Glenn Gould encore...

Glenn Gould, entretiens avec Jonathan Cott (Les belles lettres p.48)

[…] Cela m'est arrivé à Tel-Aviv à la fin de 1958, en fait je donnais une série de concerts sur un piano absolument pourri […]. Je devais donner une petite douzaine de concerts en dix-huit jours […] et sur les onze concerts il me fallait en donner huit sur cette horreur.
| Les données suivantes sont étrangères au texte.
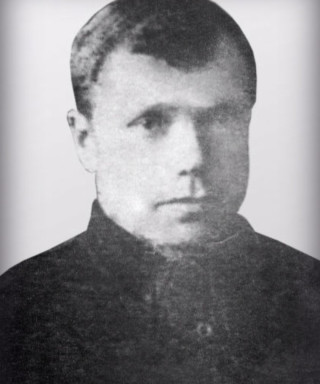 Горшунов Иван Яковлевич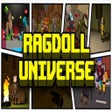 Иконка программы: RAGDOLL UNIVERSE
Toujours est-il qu'un jour je devais changer de programme, ce qui représentait pour moi un problème réel, parce que jusque-là j'avais fonctionné sur une espèce de mémoire tactile que j'avais gardée du précédent programme ; mais là il fallait tout changer subitement. J'avais à travailler un peu, et c'est là que les choses se sont gâtées. L'après-midi du premier des concerts de cette série, j'étais allé à une répétition misérable, et j'avais joué vraiment comme un cochon : le piano avait fini par m'avoir. Je jouais sur son terrain. […] et j'étais vraiment très inquiet : je ne pouvais pas jouer correctement une gamme d'ut majeur. Apparemment, j'étais incapable de m'exprimer en d'autres termes que ceux qui m'étaient fournis par ce piano.
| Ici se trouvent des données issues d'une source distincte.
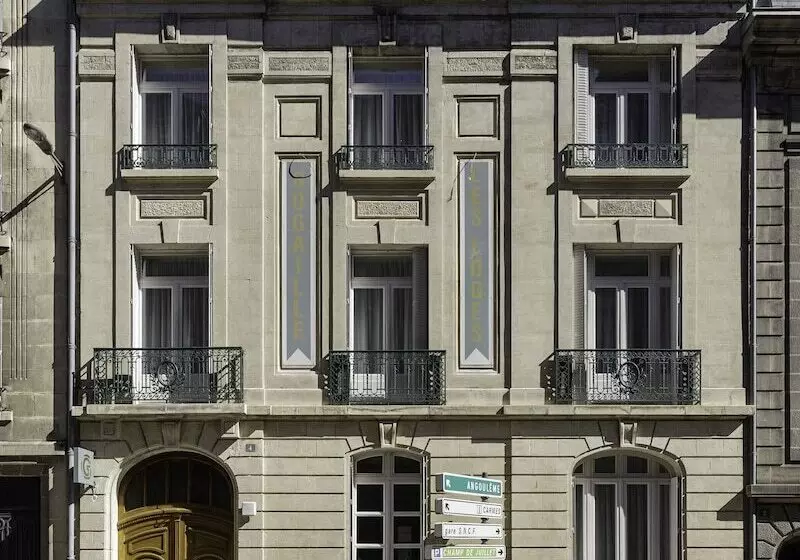 Gogaille   Préfecture   Accès Autonome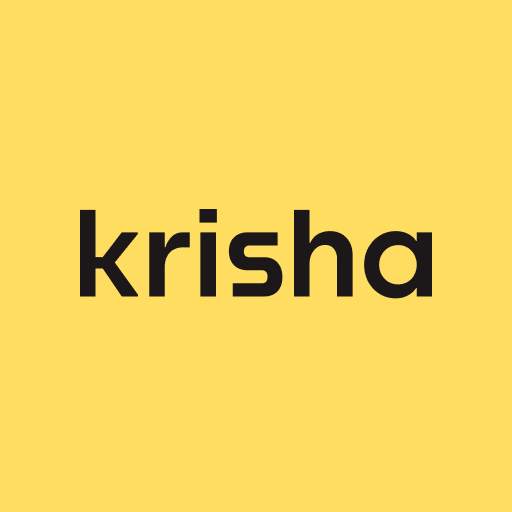 Krisha.kz — Недвижимость 23.10.25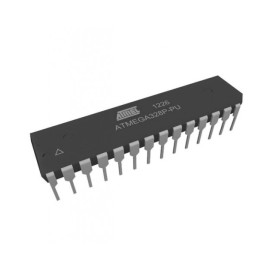 ATMEGA328P Microcontrolador...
[…] Je décidai que le seul moyen de sauver le concert était de recréer les circonstances tactiles les plus parfaites que je connaissais. Ma référence à l'époque était un piano, que j'ai toujours […] . Ce piano m'a servi de prototype pour celui que j'utilise dans mes enregistrements[…] : j'y ai découvert un équilibre entre la profondeur de l'enfoncement et la rapidité avec laquelle les touches remontent, […] ; j'ai décidé qu'il fallait m'imaginer dans mon living-room… et d'abord imaginer le living-room lui-même, […] . Puis j'ai essayé de tout localiser, de voir le piano, et puis… -voilà qui est ridiculement yogistique, je ne l'avais jamais fait au paravant, […] Dieu merci, cela a fonctionné. Bref, j'étais dans ma voiture, à regarder la mer, avec tout cela dans la tête, et a essayer désespérément d'exister avec cette image tactile en moi, pendant le reste de la journée. Le soir, je me rendis à l'auditorium, donnai mon concert dans un état encore inconnu d'exaltation totale ; j'étais absolument libéré de ce pachyderme.